COM-HPC Mini: SWaP-C Optimized, Available Off-the-Shelf

Alternatively, the same drone design team could choose an off-the-shelf computer-on-module (COM) in a reduced form factor to start their design. The COM-HPC Mini standard was created specifically for these performance-per-watt tradeoff scenarios, supporting processor thermal design power (TDP) up to 100 W in a footprint of just 95 mm × 70 mm.

The congatec conga-HPC/mRLP is one example of a COM-HPC Mini module that delivers high compute density in a tight power budget. See figure 1. Its onboard 13th Gen Intel Core processor is a heterogeneous multicore processor available in extended temperature variants. The device contains between one and six Performance cores and four-to-eight Efficiency cores, where Performance cores support the execution of AI or application software and Efficiency cores manage communications, control, and the like.

The conga-HPC/mRLP — a COM-HPC Mini high-performance module based on 13th Gen Intel Core processor series – is an off-the-shelf SWaP-C embedded module for drones, robots and other mobile edge systems. Source: congatec

The 13th Gen system on chip (SoC) also integrates Intel Iris Xe graphics. With up to 96 execution units for offloading multimedia-intensive workloads from primary cores, it adds performance without increasing size, power consumption, or cost — a major contrast with a discrete accelerator.

High-bandwidth I/O interfaces native to the COM-HPC Mini specification — PCIe Gen 4/5, USB4, and MIPI CSI — deliver data from high-fidelity sensors and between the processor and memory in support of real-time compute, onboard sensor fusion, and local autonomous decision making.

While each functional area in the system could require separate processors — and could potentially demand different modules altogether — the COM approach consolidates them into a single module. For drone system designers, the reduced performance per watt per area results in longer flight time, more robust feature sets, and an overall more competitive product.

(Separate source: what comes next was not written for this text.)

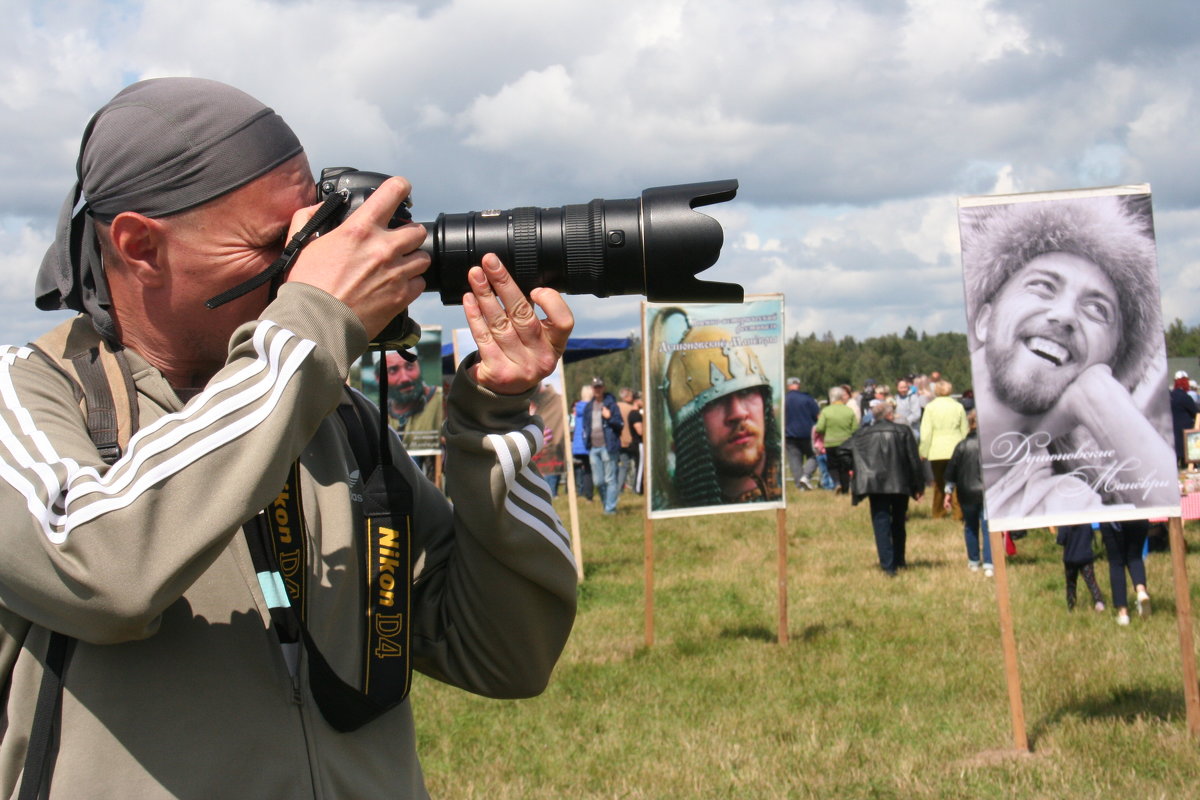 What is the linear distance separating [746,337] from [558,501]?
1124 cm

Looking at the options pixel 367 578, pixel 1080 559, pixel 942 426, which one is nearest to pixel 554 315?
pixel 367 578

Upward Mobility at the Edge

Innovation in the technology market will continue its march toward greater performance at lower power consumption and cost. Fortunately, mobile edge system designers can now leverage the benefits of COM-HPC Mini platforms to speed time to market on pre-validated, off-the-shelf platforms that are easily upgradable for long-term viability.

Access to a robust performance per watt per area profile is especially important to mobile edge system designers, who continuously balance their application’s demands with SWaP-C constraints. Fortunately, COM-HPC Mini platforms are readily available for design and deployment.